Lady Diana’nın Kraliyet kurallarıyla yaşadığı tek kahır sadece bu değildi. Hayatı boyunca birçok sefer yapmak istediği çalışmada kraliyet gelenekleriyle karşı karşıya geldi. Meghan Markle ise bunu çok farklı halde yaptı. Kayınvalidesinin BBC röportajı kadar tesirli olmasa da ünlü televizyoncu Oprah Winfrey’e verdiği röportajda kraliyetin kurallarıyla zıt düştüğünü, sarayın bayan hakları üzere hususlarda kendisini engellediğini hissettiği belirterek şunları söyledi: “Her vakit açık kelamlı biri oldum, bilhassa bayan hakları konusunda. Bayan hakları konusunda daima konuşurken bir anda sessiz kalmam büyük bir ironi oldu.”

Büyük bir çoğunluğa nazaran Lady Diana ve Meghan Markle misal problemleri yaşasa da hiçbir vakit birebir yazgısı paylaşmadılar. Diana ailenin içinde kalarak gayretine devam etti. Meghan ise daha fazla yaşadıklarıyla uğraş edemeyeceği için eşi ve ailesiyle Kraliyet’teki misyonlarından ayrılarak hayatlarına devam etme kararı aldı.

3- YARDIM ÇALIŞMALARI

Prenses Diana kısacık hayatında yaptığı yardım çalışmalarıyla binlerce insanın hayatına dokundu. Onun bağış toplama konusundaki başarısı herkes tarafından biliniyordu. 100’den fazla hayır kurumuyla ilişkili olan ve insani yardım ismine açılmış onlarca fona takviye veren Lady Diana, Prens Charles’la boşandıktan sonra kendi içine dönme kararı almış olmasına karşın onlarca hayır kurumuyla çalışmaya devam etti.
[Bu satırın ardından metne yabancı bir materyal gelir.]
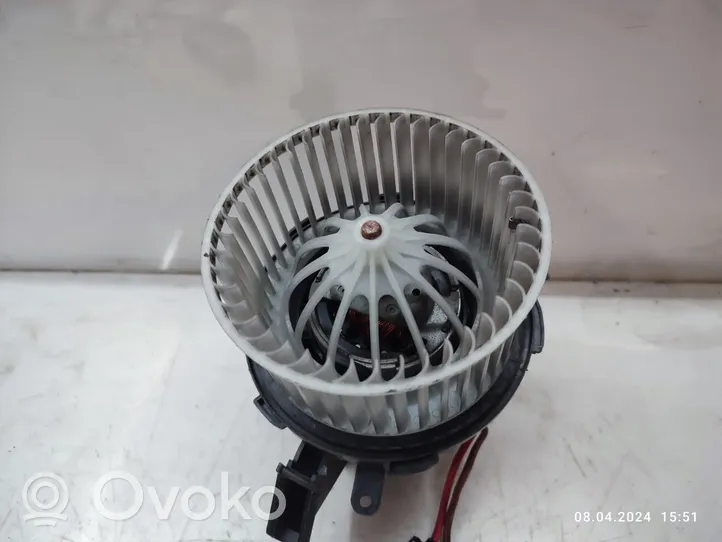 Audi Q5 SQ5 Ventola riscaldamento/ventilatore abitacolo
Kraliyet ailesi içindeki misyonlarının yanı sıra daima olarak çalışan ve insanların hayatına dokundukça memnun olan Prenses, öldükten sonra bile birçok hayır kurumunun hamisi olarak kaldı. HIV virüsünden cüzzam hastalığına, Angoladaki mayın probleminden Londra sokaklarındaki evsizlere kadar birçok insani yardım çalışması yapan Lady Diana akıllarda daima yardımseverliğiyle kaldı.

Kraliyet’e gelin olarak gelmeden evvel de birçok yardım kuruluşuyla ortaklaşa çalışan Markle evlendikten sonra kimi hayır işlerini devam ettirmekte zorlandı. Fakat çiftin Kraliyet ailesinden ayrılmasından sonra yaptığı birinci iş kâr maksadı gütmeyen bir vakıf kurmak oldu. Prens Harry ve Meghan Markle oğullarının ismini verdikleri ‘Archewell’ ile birçok toplumsal sorumluluk projesine imza attı. Bayan sıhhatinden yenilenebilir güce birçok alanda çalışmalar yapan ikili her vakit merhameti ve şefkati dünyaya yaymayı hedeflediklerini söyledi. Meghan Markle yaptığı yardımlarda da periyot devir Prenses Diana’ya benzetilmiş olsa da ikisinin çalışma temposu ve alanları birbirinden farklı olarak yorumlandı.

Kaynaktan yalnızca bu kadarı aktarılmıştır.